Iranian Intelligence Minister Heider Moslehi said Sunday that his country is under cyber attack, and blamed the United States and Israel. Iranian officials initially admitted that their country had been hit by the Stuxnet computer worm, but insisted that the damage was minimal.
Iran has been forced to push back the opening of the nuclear plant in Bushehr. Senior Information and Technology official Hamid Alipour admitted that while Iranian officials had hoped to clean up the worm's infiltration in under two months, that hope had been proven unrealistic. “The worm is not stable, and since we started the cleanup process, three new versions have been spreading,” he said.

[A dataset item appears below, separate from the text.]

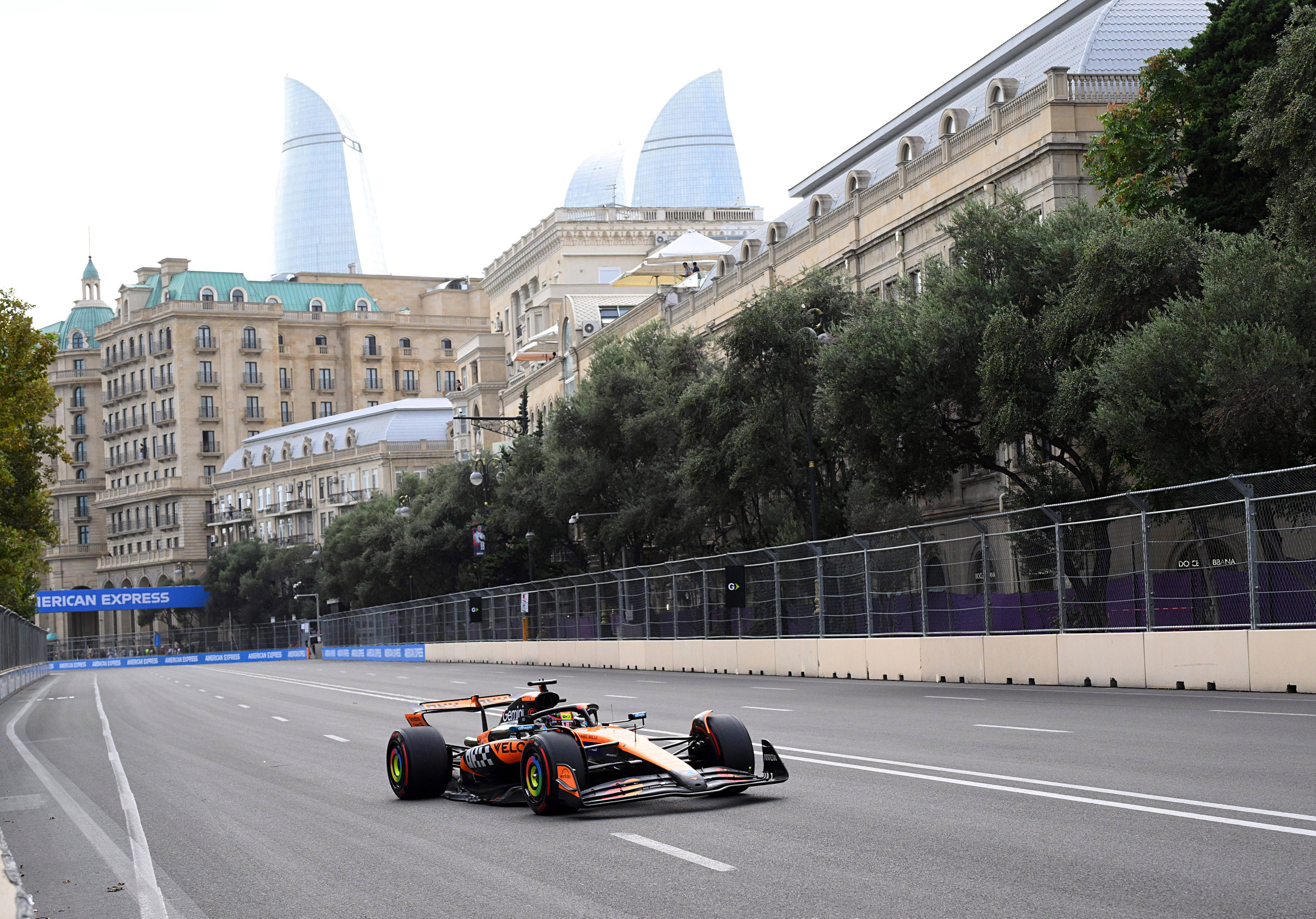 红牛二队完胜迈凯伦，汉密尔顿惊艳四座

Stuxnet hit Iran much harder than any other nation, affecting an estimated 62,000 systems. A total of 100,000 computers are thought to have been hit with the worm worldwide. The worm was designed to target software created by the German company Siemens; Iran relies heavily on Siemens systems.
Israel has been among the top suspects in the creation of the Stuxnet worm, due both to Israeli opposition to Iran's unsupervised nuclear program, and to the complexity of the attacker, which experts say could only have been created by a team with significant funding, resources and expertise.
Stuxnet is uniquely dangerous in that it can not only cause damage to a system, but can take control of facilities, producing physical, real-world results to an attack. The worm also studies its targets, determining which type of system it has entered before deciding whether or not to attack. To date, it has entered primarily systems that control critical infrastructure.
Even the worm's discovery has not stopped its destructive power. Attackers remain able to communicate with infected machines using peer-to-peer networking.
A detailed analysis released by security firm Symantec revealed two clues that, according to Wired.com, may indicate Israeli involvement in the attack – or may indicate that another country is trying to implicate Israel in the attack. Two file directory names, “myrtus” and “guava,” could be an allusion to the biblical Queen Esther, who intervened to save the Jewish people from destruction at the hands of a Persian king. Persia is now known as Iran.
Esther was also known as Hadassah, a name which means “myrtle” in Hebrew. Guavas are in the myrtle family of fruit.
A second possible hint at Israeli involvement is the halt marker 19790509, a possible reference to the date May 9, 1979, when Iran executed Persian Jew Habib Elghanian, prompting the mass exodus of Iranian Jews from the newly Islamic state.
The Symantec analysis was released in an attempt to get information on what, exactly, Stuxnet is targeting.
Queen Esther seems to be a ubiquitous symbol, imagined or otherwise. Two years ago, an Egyptian cleric called for a boycott of Starbucks' Coffee after he claimed to have identified the image of Queen Esther in its logo.